さて、前置きが長かったけど、dialpadやそのまねっ子サービスは途中で息切れしたけどSkypeは生き残ったのはなんでだろう?

跳箱的には、dialpad達は市場参入が早すぎた、というありがちな答えにはとびつきたくない。無料の(PSTNにつながる)VoIPサービスというインパクトは常時接続サービス(当時はまだまだダイアルアップが主流だったし、某リセ○ト系の連中なんかあと10年は常時接続の時代なんか来ないと豪語していた...。)普及のきっかけのひとつになったと思う。

おそらく、dialpadをはじめとする初期の参入者のサービスは利用者獲得にPSTNへの無料接続というあまりにキラーな武器を持っていたがゆえに、その網接続料をいかにして捻出するかに頭が行き過ぎていたんじゃないだろうか?

初期に活躍したVoIPサービス事業者はNAT越えに苦しんでいた(電話がタダでかけられるらしい、という期待を胸にサイトを訪れたユーザーはJAVAアプレットをクリックしてテンキーを操作するだけで電話がつながると思っていたのに、自分のPCじゃつながらなかったり、片端側音声しか通らなかったりといったトラブルに出くわし、FAQを見るとルータの設定をあーしろ、こーしろ、と指示されてあまりの複雑さに利用をあきらめる、なんてケース続出)けど、SkypeはuPNP依存せずにSTUN(のようなもの)を利用してエンドユーザーにルータ設定をどうしろ、とか余計な作業を発生させないように配慮していた。つまり初期参入者より一段高いEase of Use(懐かしいな、この表現)を実現していた。

さらに、PSTNへの通話(発呼)は原価率(固定費込み)を高くするのでオミット。(後にSkype-Outという形で実現、PSTNからの着信(着呼)を可能にするSkype-Inはさらに後)この点、集客力という点では初期参入者に劣ることになるけど、(収入と比べて)莫大なコストがかかるPSTNへの接続を切り捨てたことと、P2P型のアーキテクチャ(SIPだってH323と比べれば十二分にP2Pライク)を採用したことによって、固定費を小さくすることで小資本でも生き延びられる可能性が高まったのと、Skypeを利用したいユーザーは自分が通話したい相手にもSkypeを勧める必要が生まれたので利用者獲得は鼠算(というかスケールフリー)になる。

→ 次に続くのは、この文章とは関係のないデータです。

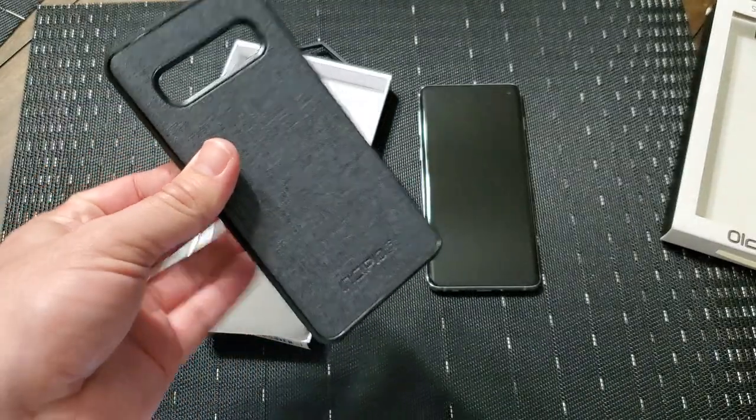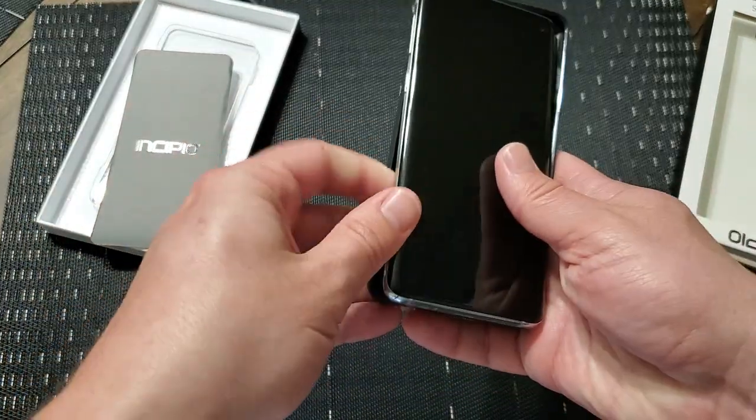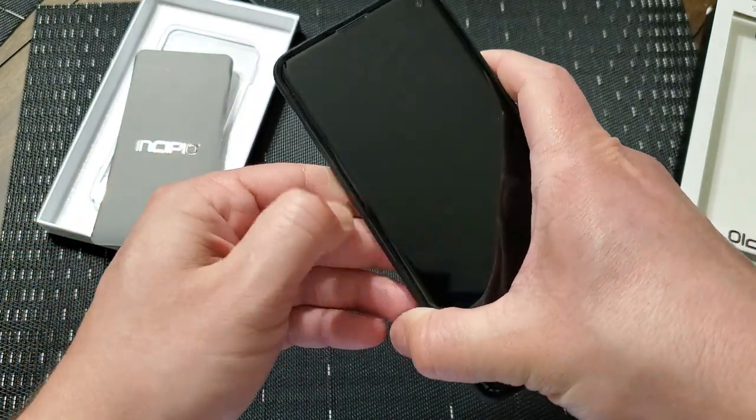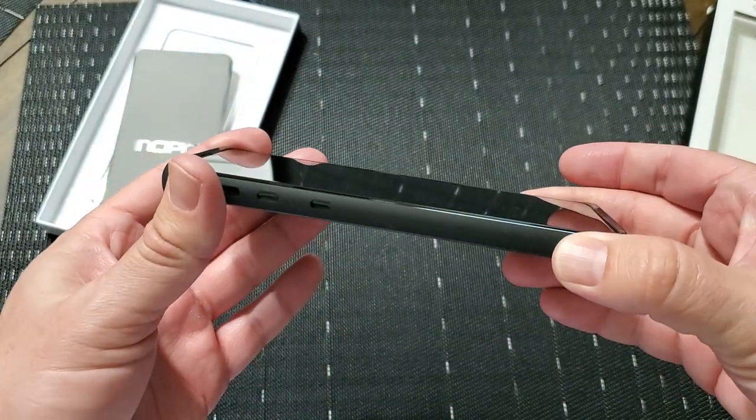I'm a huge fan of this look. So let's go ahead and put the phone in there. The phone pops right in — it's nice and snug. The sides do have a little bit of give to them, but they contour and hold onto the phone well.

もちろん、勧められた新規獲得利用者が簡単にインストールできて、トラブルフリーで、さらに通話品質に満足がいく、といった条件を満足させないといけない。が、Skypeはこれをやってのけたからうまく利用者を獲得することに成功できたんだろうと思う。

ただし、初期の市場参入者はもちろんSkypeにも問題はある。まず初期参入者の最大の問題は通信費を広告収入でまかなおうと考えた点。単純に日本のケースだけ考えてみても、広告市場は5兆円程度でしかない。これに対して通信市場は18兆円。PSTNと接続するコストを広告でまかなう、というアプローチではそもそも通信市場を飲み込めないのは明白と、根本的にこまった構造を抱えていた。

Skypeだって固定費が小さくてPSTN接続コストを賄える単価で顧客に費用転化しているからつぶれはしない(というか潰れにくい構造になってる)だろうけど、有料の音声通話サービス市場をぶっつぶすだけに終わってしまってSkype自身、収入という面では置き換え市場獲得の恩恵に浴しているとはいえない。(経営者個人としてはeBayへの売却で潤ったんだろうけど...。)IP常時接続サービスの提供事業者は、こういったキラー(というんだろうか?この場合)アプリの存在によって恩恵に浴したかもしれないが、多くの場合、PSTN事業者でもあったりするので痛し痒しだったろう。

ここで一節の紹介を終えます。